* The task: The answer consists of the lines from the line holding "PSN Tropical Coastland" through the last line of the entries, retyped exactly, and nothing else. No pictures belong in it.

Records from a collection
'''
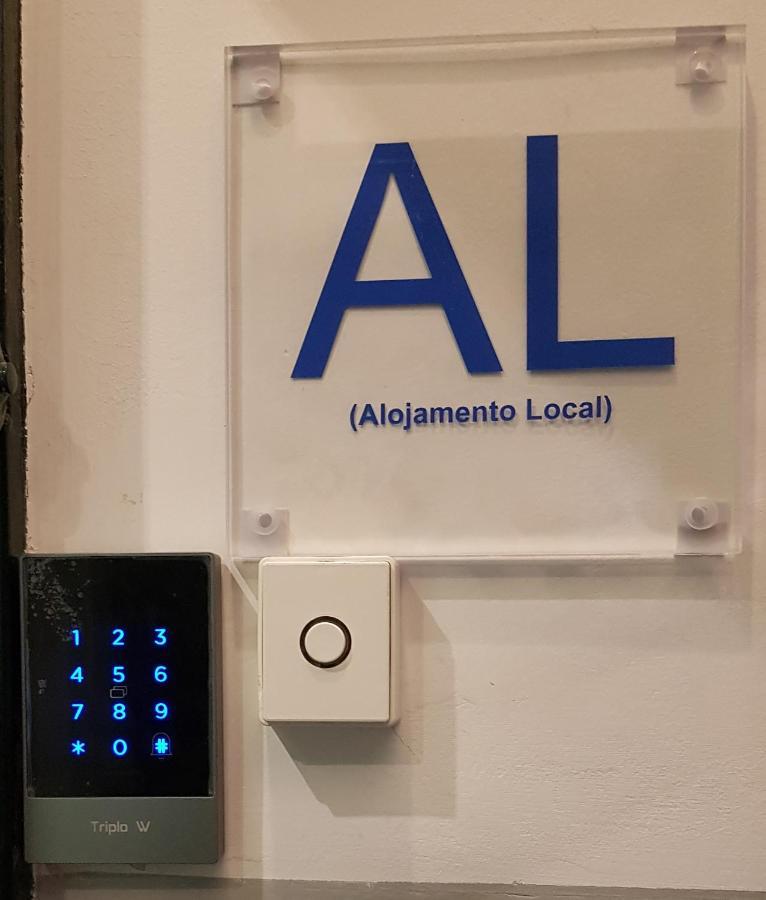 Apartamento Roma Lisboa Kültér fotó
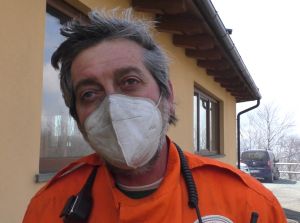 Arenzano, incendio sulle alture. Il Sindaco: "Non smette di autoalimentarsi"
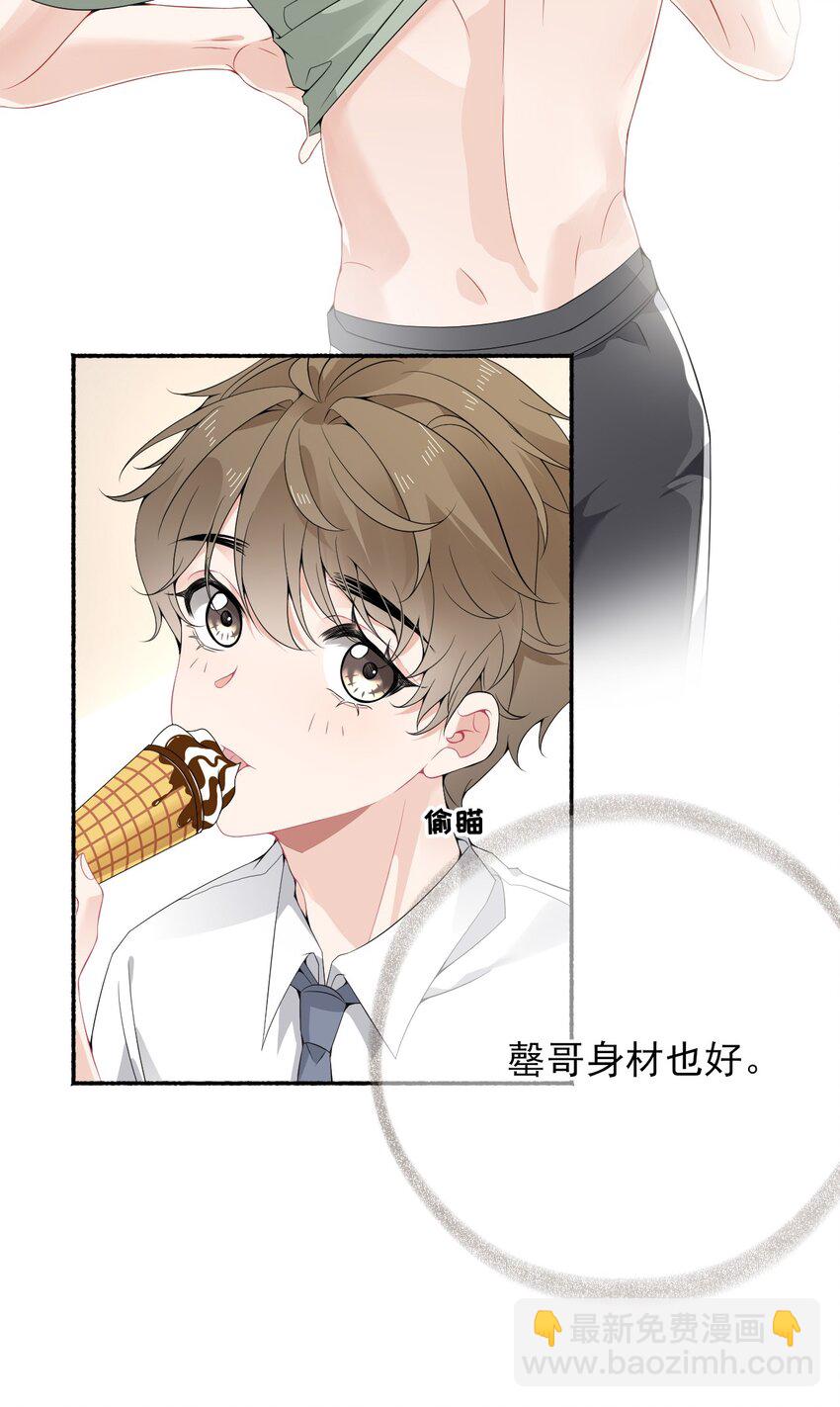 010 罄哥的身材-第10话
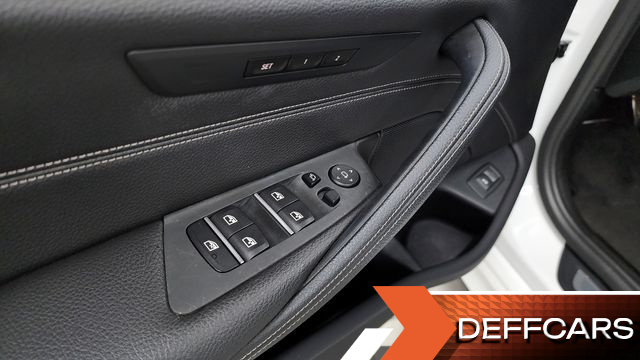 BMW 5-SERIES 530i xDrive M Sport Package купить на сайте DeffCars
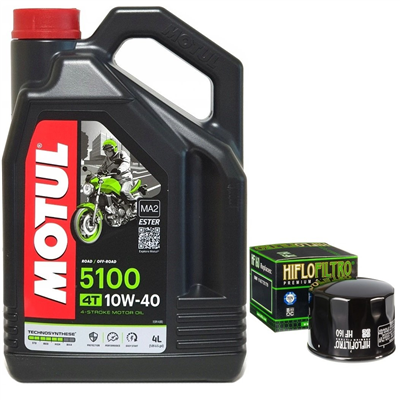 BMW K 1300 GT / R / S 09-14 olej+filtr-89921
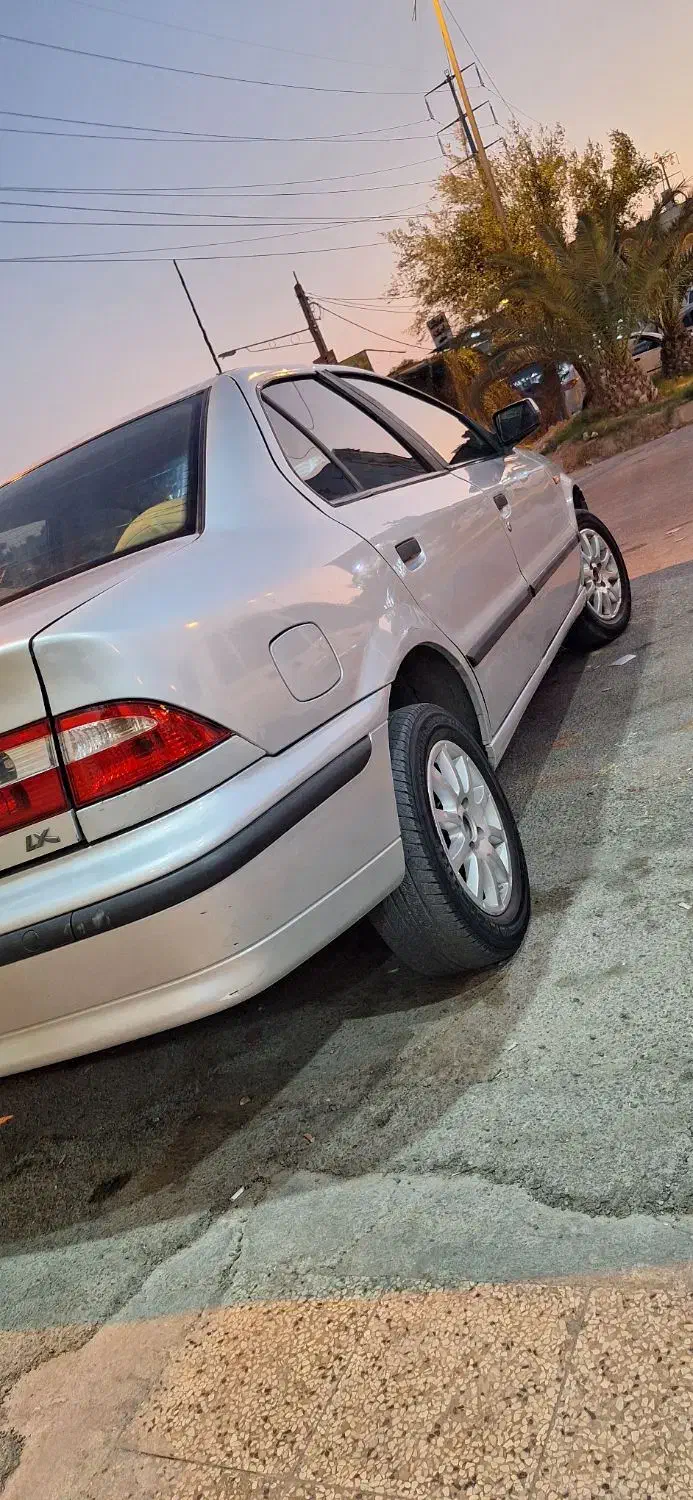 سمندlx مدل88|خودرو سواری و وانت|بهبهان, |دیوار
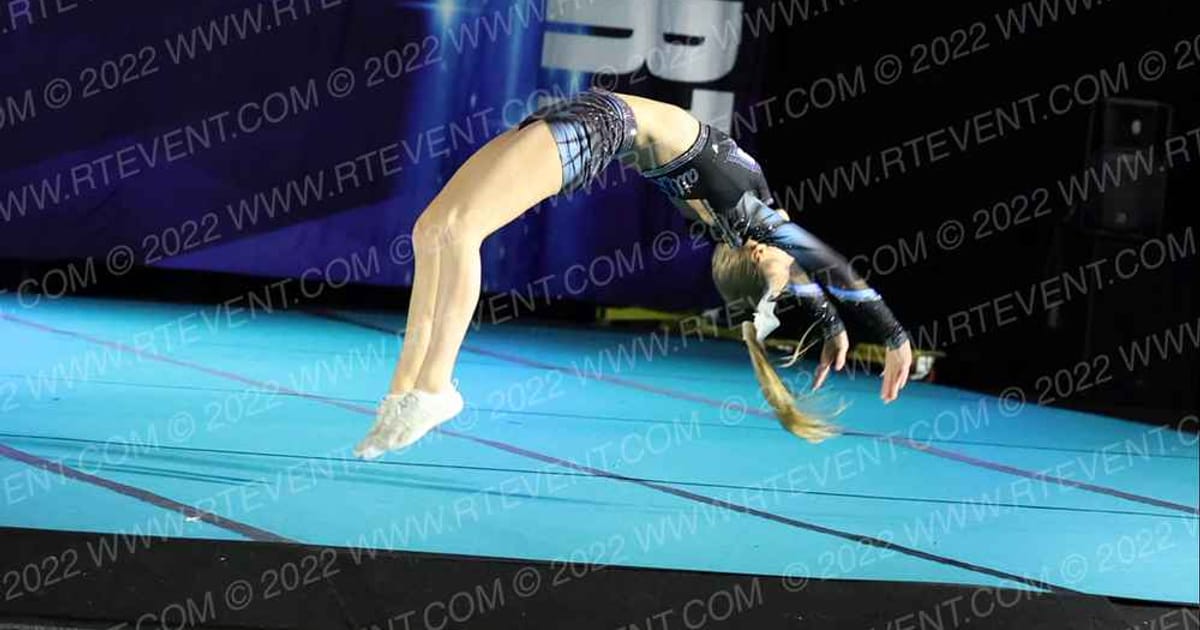 ATA Nitro · CHEERSPORT Cartersville Classic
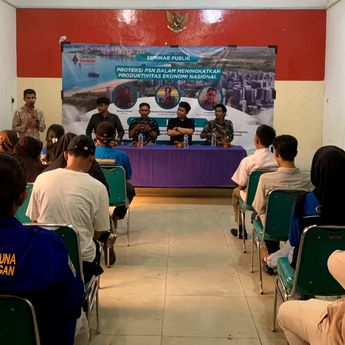 PSN Tropical Coastland Diyakini Hadirkan Banyak Lapangan Kerja-Tingkatkan SDM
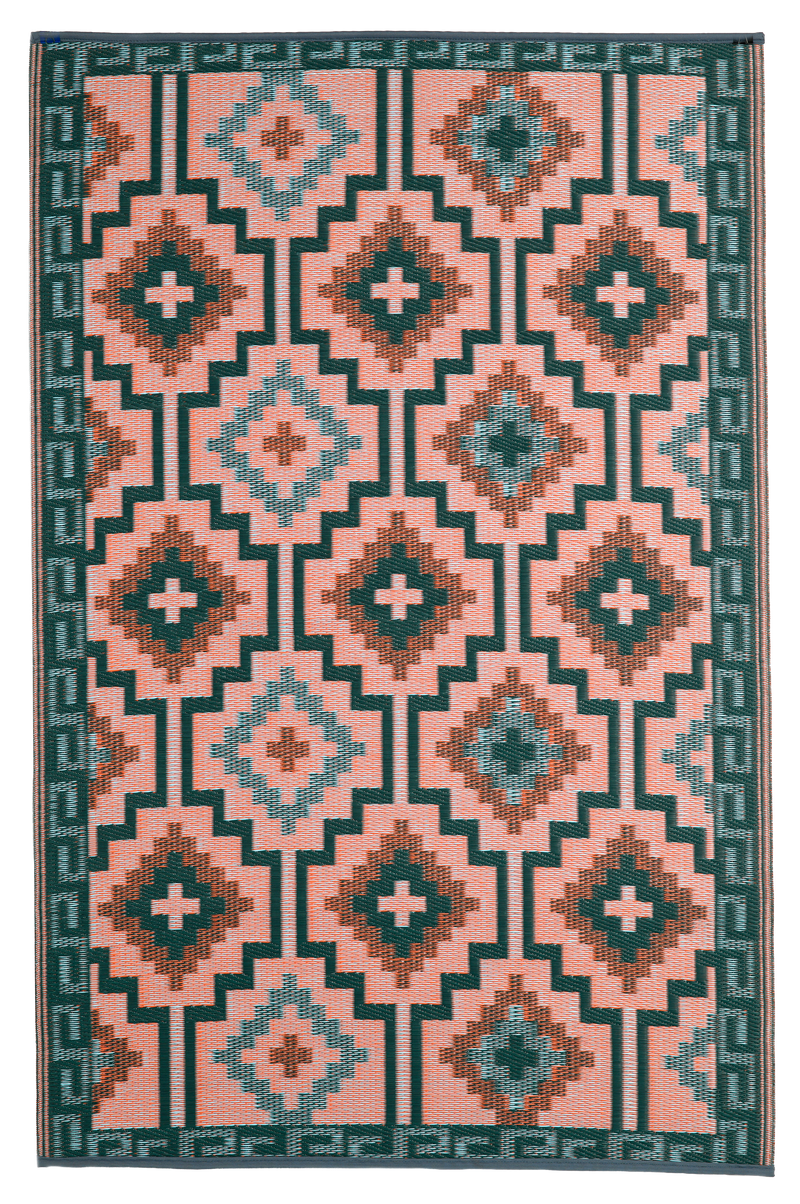Lhasa - Outdoor Rug for Patio by Fab Habitat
'''
* Problem solution:
 PSN Tropical Coastland Diyakini Hadirkan Banyak Lapangan Kerja-Tingkatkan SDM
Lhasa - Outdoor Rug for Patio by Fab Habitat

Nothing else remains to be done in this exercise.